Try it: Quote exactly the lines from the one with "tatouage japonais épaule bras" to the end of the data, both included; omit the pictures.

Information shown:
━━━━
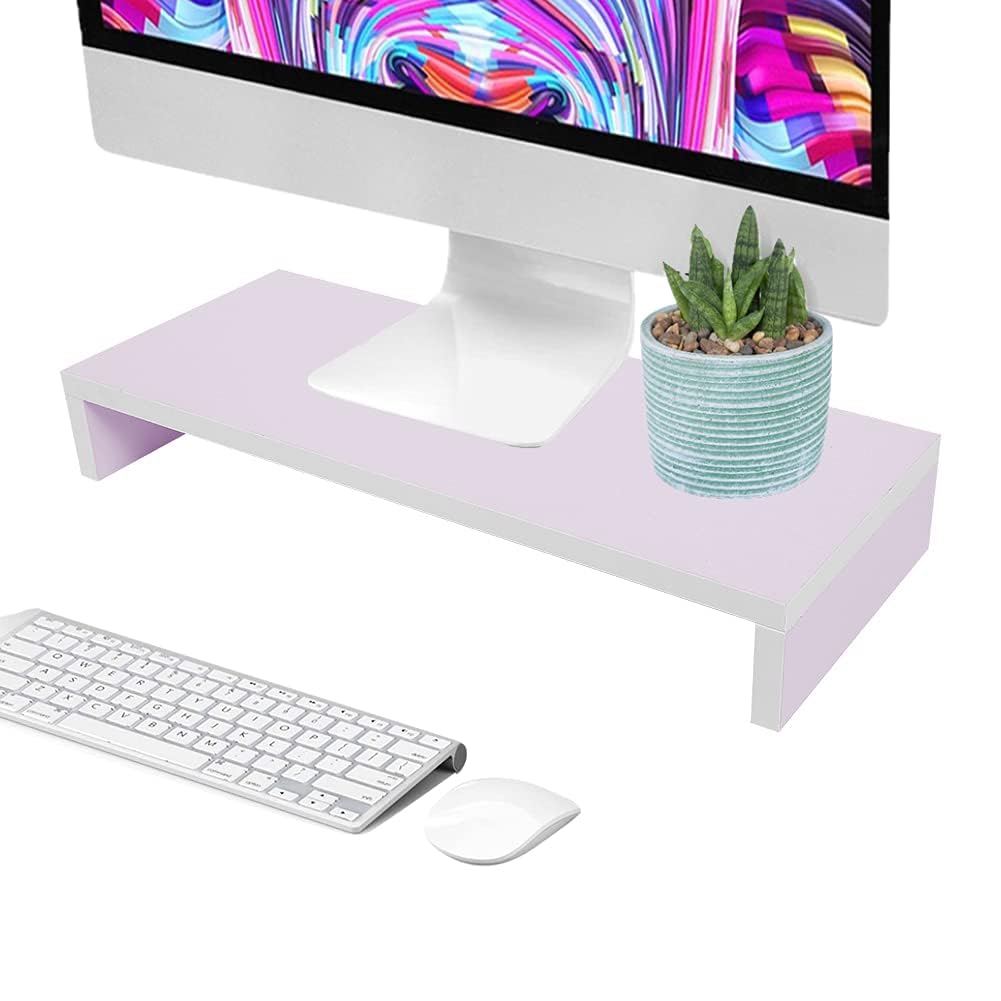 Ejoyous Holz Monitorständer Monitor Riser Ständer, 1 Tier PC Laptop Notebook Ständer Regal Rutschfes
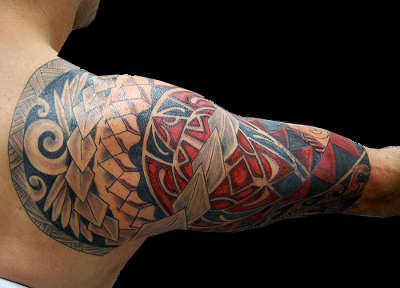 tatouage japonais épaule bras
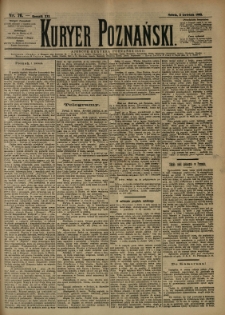 Kurier Poznański 1892.04.02 R.21 nr76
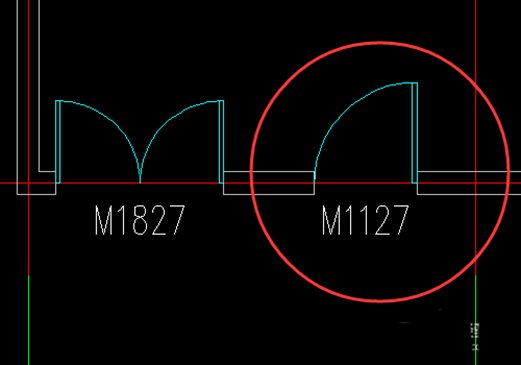 CAD如何绘制建筑图的平面门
━━━━
Output below:
 tatouage japonais épaule bras
 Kurier Poznański 1892.04.02 R.21 nr76
 CAD如何绘制建筑图的平面门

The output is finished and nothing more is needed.